* _TASK TO COMPLETE_
Exactly as written, output each of the lines below, with no images.

* _ENTRIES SUPPLIED_
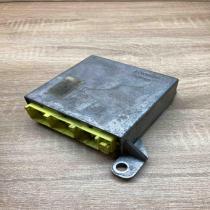 GJ6A 57K30B   Airbag control unit/module Mazda 6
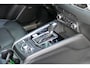 Mazda CX-5 2.0 SkyActiv-G 165 GT-M | Stoelgeheugen functie | Trekhaak | Rijklaarprijs |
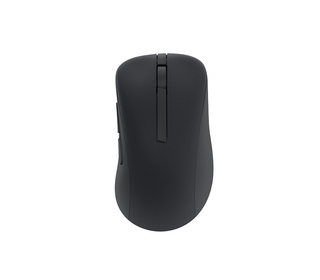 ASUS Wireless Mouse MD102 souris Universel Droitier RF sans fil + Bluetooth Optique 1600 DPI
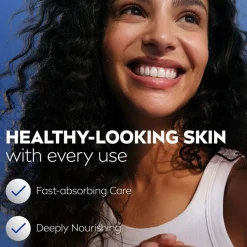 Express Hydratation Bodylotion|Nivea Online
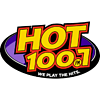 WVHK Hot 100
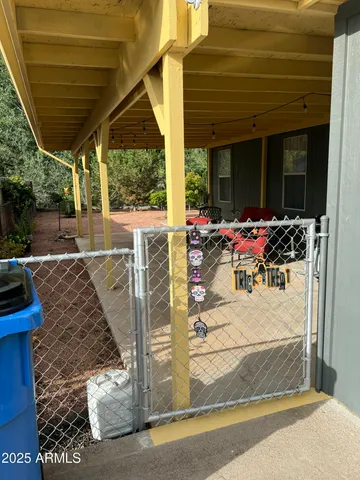 $275,000 | 220 South Houston Creek Circle, Payson, AZ 85541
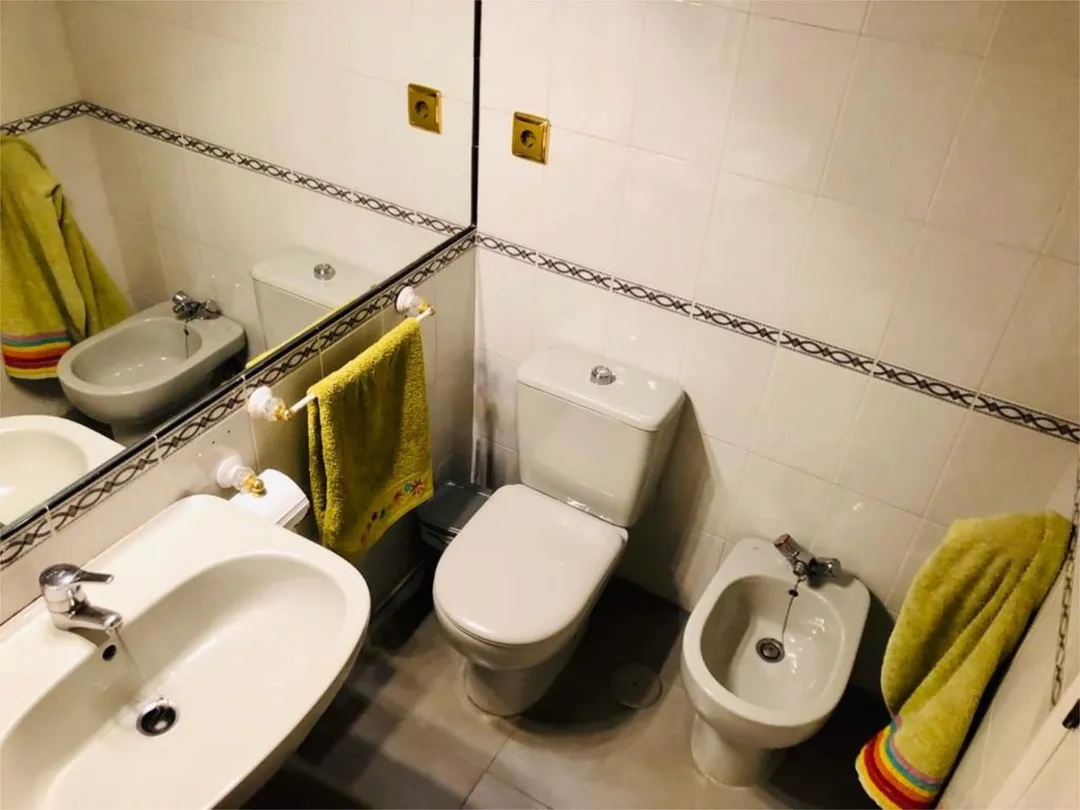 Piso en  Calle Tharsis 26 - Foto 7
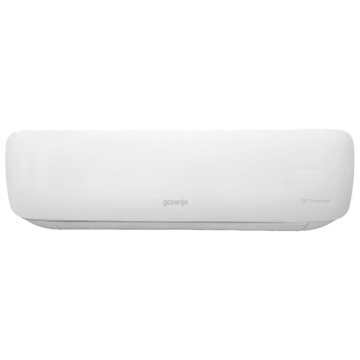 Настенная сплит-система Gorenje GORINV-09KG0 Pandora Inverter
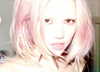 florenceros.e Altpins Profile Picture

* _RESULT OF THE TASK_
 GJ6A 57K30B   Airbag control unit/module Mazda 6
 Mazda CX-5 2.0 SkyActiv-G 165 GT-M | Stoelgeheugen functie | Trekhaak | Rijklaarprijs |
 ASUS Wireless Mouse MD102 souris Universel Droitier RF sans fil + Bluetooth Optique 1600 DPI
 Express Hydratation Bodylotion|Nivea Online
 WVHK Hot 100
 $275,000 | 220 South Houston Creek Circle, Payson, AZ 85541
 Piso en  Calle Tharsis 26 - Foto 7
 Настенная сплит-система Gorenje GORINV-09KG0 Pandora Inverter
 florenceros.e Altpins Profile Picture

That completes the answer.